Brian- How to identify a true amah? Very simple, they wore white long-sleeve blouse (cotton) and black silk-like pants, with hair combed into a bun at the back of her head - true professionals. Among her multi-tasked job, they were most talented in looking after children and cooking. Loyalty was their trade-mark. Much tears were shed when their bosses left for home-countries. Apart from Amahs, there were also younger domestic helps, some of them part-timers, working for the British forces, Europeans or even well-to-do Asians. I had a lady relative working as a part-time domestic help for British forces, and when she retired helped her son to set up a western food joint. This showed how good her self-taught cooking was. I believe the young maid your family engaged was from the kampong. Generally their work performance depended on their working experience. If she was a first timer, of course the standard could be average, those experienced ones were real good all rounders, compared to Amahs who were true-blue specialists liken to the medical profession.

Brian Mitchell said...

Zen

I am sure you are right and I can recall very little about our 'Amah', not even her name (but then I have forgotten even some of my friends names from that time), she may well have been from a local kampong, at that time when our housing estate at Toh Drive was newly built there were nearby kampongs just at the end of the road and I am sure they are no longer there

JollyGreenP said...

Zen's description of an Amah fits exactly with my memory of our Amah when we lived in Wittering Road in Changi. Her name was Kim and as Zen said, fiercely loyal to our family. One luchtime she had cooked us egg and chips for lunch and had done them really crisp and a sharp edge lodged in my throat. Kim was absolutely mortified that her cooking had done that to me and always made sure that the chips never had any sharp points on them whenever she did chips. She was a wonderful lady and did all our laundry and cooking five and a half days a week.
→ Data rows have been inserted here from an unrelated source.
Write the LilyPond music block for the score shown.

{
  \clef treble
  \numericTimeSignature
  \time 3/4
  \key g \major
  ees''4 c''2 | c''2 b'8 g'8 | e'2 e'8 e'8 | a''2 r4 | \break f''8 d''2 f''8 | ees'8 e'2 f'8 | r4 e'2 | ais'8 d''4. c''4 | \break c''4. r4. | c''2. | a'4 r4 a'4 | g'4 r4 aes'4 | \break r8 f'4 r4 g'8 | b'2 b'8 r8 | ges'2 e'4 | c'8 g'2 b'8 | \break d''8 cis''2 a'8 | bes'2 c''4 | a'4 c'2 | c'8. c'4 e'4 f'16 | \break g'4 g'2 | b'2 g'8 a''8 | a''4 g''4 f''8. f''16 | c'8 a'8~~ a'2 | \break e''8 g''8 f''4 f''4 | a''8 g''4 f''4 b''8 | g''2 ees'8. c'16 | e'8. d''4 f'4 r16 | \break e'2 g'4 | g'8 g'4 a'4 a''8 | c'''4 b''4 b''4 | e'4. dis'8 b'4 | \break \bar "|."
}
Black silk trousers, white blouse and hair tied in a bun with gold rimmed teeth is my abiding memory of this lady who was very much a part of our family.

John Harper

zen said...

On the subject of loyalty, my relative called Yin (a part-timer)once worked for a Japanese expat.family who has a son. Yin was so closed to the family that the son called her mummy. The family went back to Japan but maintained close contact with her. Whenever the family came back to Singapore they would visit her, taking many photos for memory. Yin had fond memories of her 'adopted son' and proudly showed the photos taken with her 'son' to me.